La historia de Nicole Verón, una agente de la Policía de la Ciudad de 25 años, generó un fuerte revuelo en las últimas horas luego de que se viralizaran los videos íntimos que publicaba en la plataforma OnlyFans. Tras hacerse públicos los contenidos —algunos grabados utilizando el uniforme policial— la fuerza decidió apartarla preventivamente mientras avanza un sumario administrativo.
La joven aseguró que recurrió a esa actividad por necesidad económica. Explicó que, mientras atravesaba una licencia médica por problemas de salud y secuelas de una situación de violencia de género, su salario se redujo a $600.000 por mes, cifra que no le alcanzaba para cubrir tratamientos y gastos. En contraste, reveló que OnlyFans le permitió generar $6 millones en apenas un mes, cambiando por completo su situación financiera.
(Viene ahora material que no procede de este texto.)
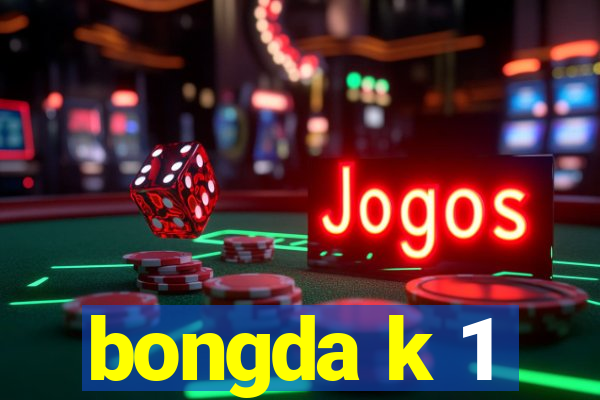 bongda k 1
Madre de una niña de 8 años, Verón contó que comenzó subiendo contenido común, pero que luego los propios suscriptores le pidieron que apareciera con el uniforme. “Nunca imaginé que eso iba a traerme tantos problemas”, reconoció. También negó de forma contundente las acusaciones que circularon: “No soy prostituta ni estoy cometiendo un delito. Trabajo desde mi casa y nadie participa de mis grabaciones”
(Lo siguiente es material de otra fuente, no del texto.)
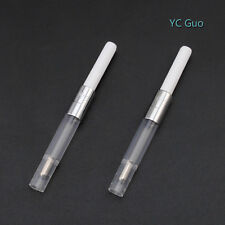 2X Converters For Wing Sung 659 Fountain Pen White For Transparent Version picture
La agente asegura sentirse desbordada por la exposición: dice que estuvo días sin salir de su domicilio y que su teléfono “no dejó de sonar”. Además, sostiene que dentro de la fuerza existe una “persecución” hacia ella y teme recibir maltratos o presiones si en algún momento la obligan a reincorporarse. Incluso recordó que tiempo atrás denunció a un comisario por un presunto acoso.
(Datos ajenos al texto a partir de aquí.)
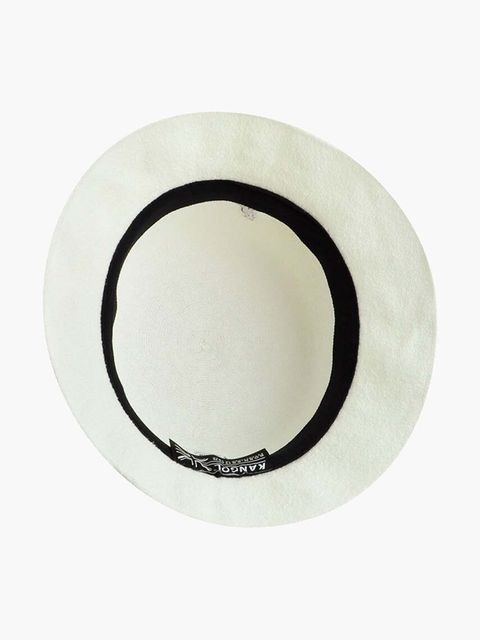 Kangol kapelusz Bermuda Bucket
Mientras espera las definiciones de la Jefatura —donde debe presentarse para firmar notificaciones vinculadas al sumario— cree que es muy probable que termine exonerada. Aun así, afirmó que ya comenzó a tomar decisiones pensando en su futuro fuera de la institución: destinó parte de lo ganado a pagar todo el ciclo lectivo 2026 de su hija y está evaluando retomar estudios universitarios.

“Me equivoqué, sí. Pero no soy una criminal”, expresó.
El caso reavivó el debate sobre los límites del uso de redes sociales por parte de miembros de las fuerzas de seguridad, la situación económica dentro del sector y las sanciones internas aplicadas por la Policía.